En el funeral, hasta había tenido
que contener alguna lágrima oyendo al cura. Éste, que debía conocer al difunto,
había presentado su personalidad egoísta, superficial y campechana transmutada
en alegre, servicial y generosa. Por un momento, Paulita sintió la pérdida de
alguien tan valioso, y aunque ahora veía que no era así, que el panegírico de
un muerto ha de embellecer la realidad, estaba aún emocionada. Y le parecía
imposible que fuera sólo por la retórica
del cura.
Se detuvo un momento (en su prisa
por salir se había adelantado al grupo) y creyó dar con la causa de su emoción.

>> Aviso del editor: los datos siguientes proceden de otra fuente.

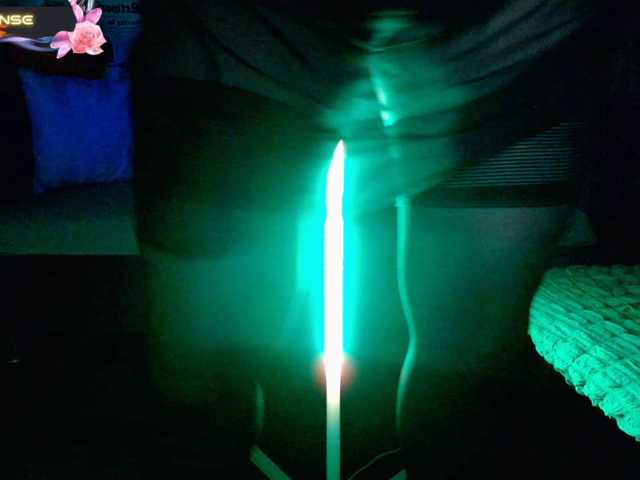 supersex-96 live cam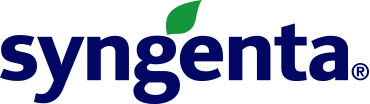 Syngenta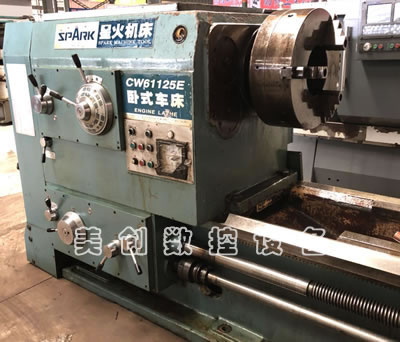 �����Pʽ܇��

Sin duda, con Pastoriza moría un trozo de su vida, trivial y cotidiana,
compartida a lo largo de los años. No
sólo en la oficina, sino en aquellas excursiones que, hacía muchos años, se
organizaban todos los veranos. Y las comidas, y otras ocasiones de habitual
regocijo: fiestas, cumpleaños, etc...No es que eso muriera ahora, pues
pertenecía ya a un pasado lejano. Pero de algún modo ese pasado lo veía como un
cuadro intacto que ahora se quebraba, como un puzzle se estropea al perderse una
pieza.
Pero además, y esto Paulita lo
sentía oscuramente, había algo que hacía más definitiva esa pérdida. Y era que
el nulo afecto que ella había sentido por Pastoriza hacía que esa parte de su
vida que con él se había ido fuera irrescatable.
De modo que cuando Paulita traspasa con un
¡uf! la puerta del cementerio, sale a la calle disminuida, con menos vida
propia. Y, aunque no lo comprende, lo está sintiendo.